Découvrir les couleurs des décors d’origine

Fausses-matières, papier-peints, dorure : foisonnement artistique et architectural de l’éclectique Château Perrier.

Les décors d’origine

Les décors d’origine ont été modifiés non seulement par les différents habitants et occupants du Château, mais aussi par l’armée lors de la Seconde Guerre Mondiale, ou après-guerre lors de l’installation de la bibliothèque et des musées. Pour connaître ces décors et leur chronologie, trois archéologues du bâti et restaurateurs spécialisés ont réalisé des sondages stratigraphiques pour permettre la lecture aisée des couches successives. Pendant une dizaine de jours, en janvier 2017, ils ont ausculté le Château Perrier de fond en comble.

L’archéologie du bâti

C’est ce que l’on appelle l’archéologie du bâti : en divers endroits, le sondeur étudie la superposition des couches, afin de reconstituer le décor d’une pièce à une époque donnée. Chaque sondage prend la forme d’une fenêtre, répétée à plusieurs endroits d’une même pièce. Les sondages sont tantôt sur le mur, tantôt sur les montants des fenêtres, tantôt sur les modénatures, tantôt sur les plafonds.
En lumière rasante, on découvre aussi sur les murs les anciennes traces de boiseries servant à encadrer des tapisseries.
Les couches sont révélées à l’aide d’un scalpel ou de produits décapants. Les peintures anciennes étaient à l’huile, tandis que les peintures modernes sont à l’acrylique ou glycérophtalique.
Parfois, la couleur la plus ancienne est trop fragile et il faut s’armer de patience pour la révéler. C’est le cas des dorures du grand salon où la feuille d’or insaisissable laisse seulement apparaître la couche sur laquelle elle avait été posée.

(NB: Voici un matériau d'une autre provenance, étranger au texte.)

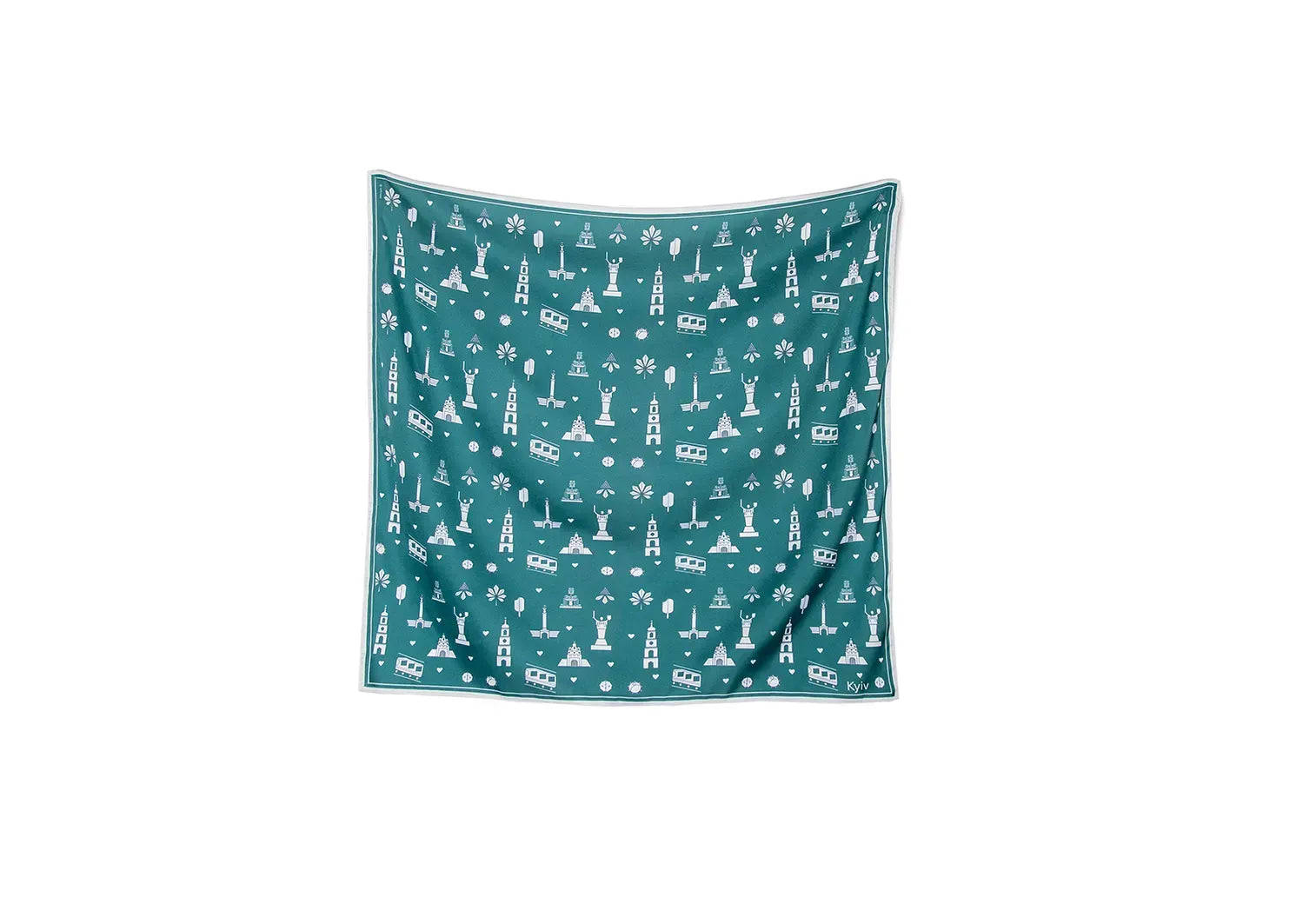 "My Kyiv" Scarf (Emerald)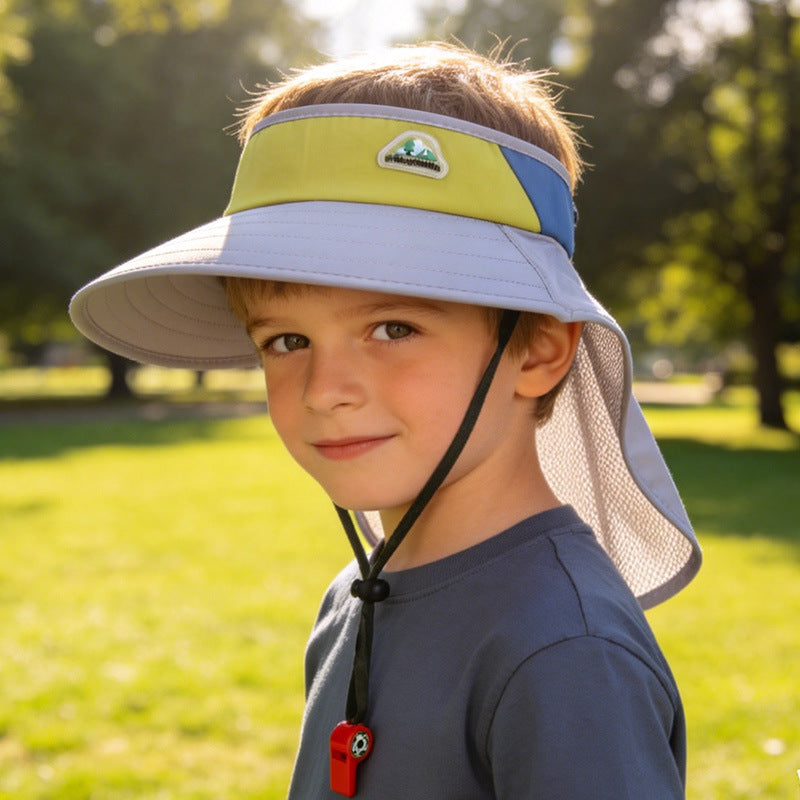 Kids' Sun Protection Hat with Neck Flap
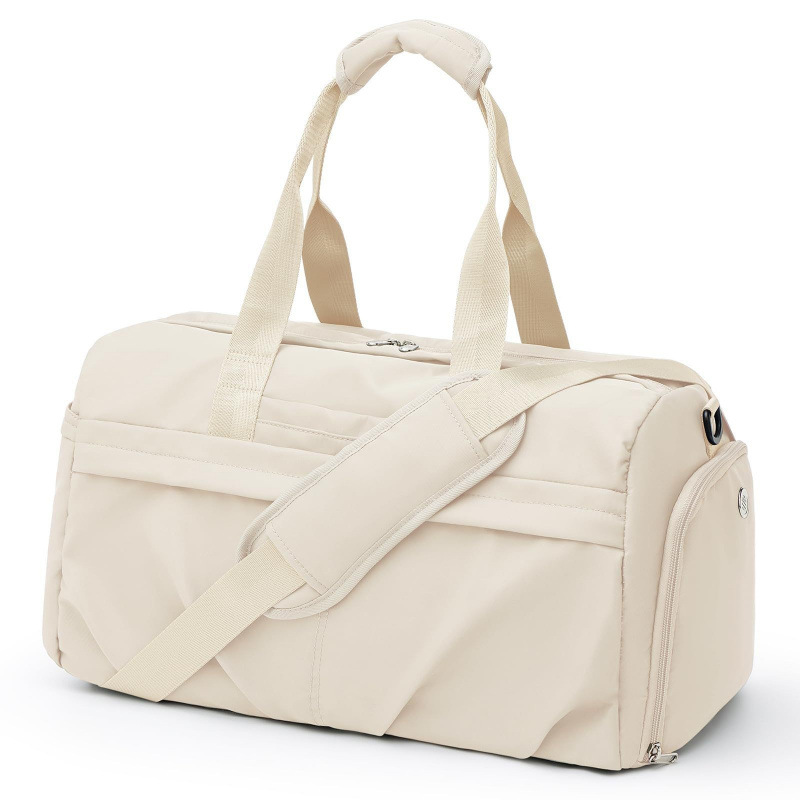 Bolsa de fitness con zapato compartimiento bolsa de equipaje deportivo impermeable bolsa de viaje bolsa de yoga con barra de tracción cubierta de viaje almacenamiento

Ces études permettent de connaître l’état de conservation et le mode de consolidation nécessaire lors de la restauration. Par exemple, le décor de faux appareillage du hall d’honneur ne peut être nettoyé sans disparaître. Il devra donc être redessiné entièrement à neuf, à l’identique.

De plus, les ferrures et boutons de porte peints sont décapés pour identifier le mode de restauration nécessaire : sablage, électrolyse ou dorure à chaud.

Toutes ces découvertes sont interprétées en fonction des documents d’archives, documentées dans un rapport et grâce à de nombreuses photographies. Ainsi, l’histoire du Château est archivée, avant de laisser place aux travaux du 21e siècle.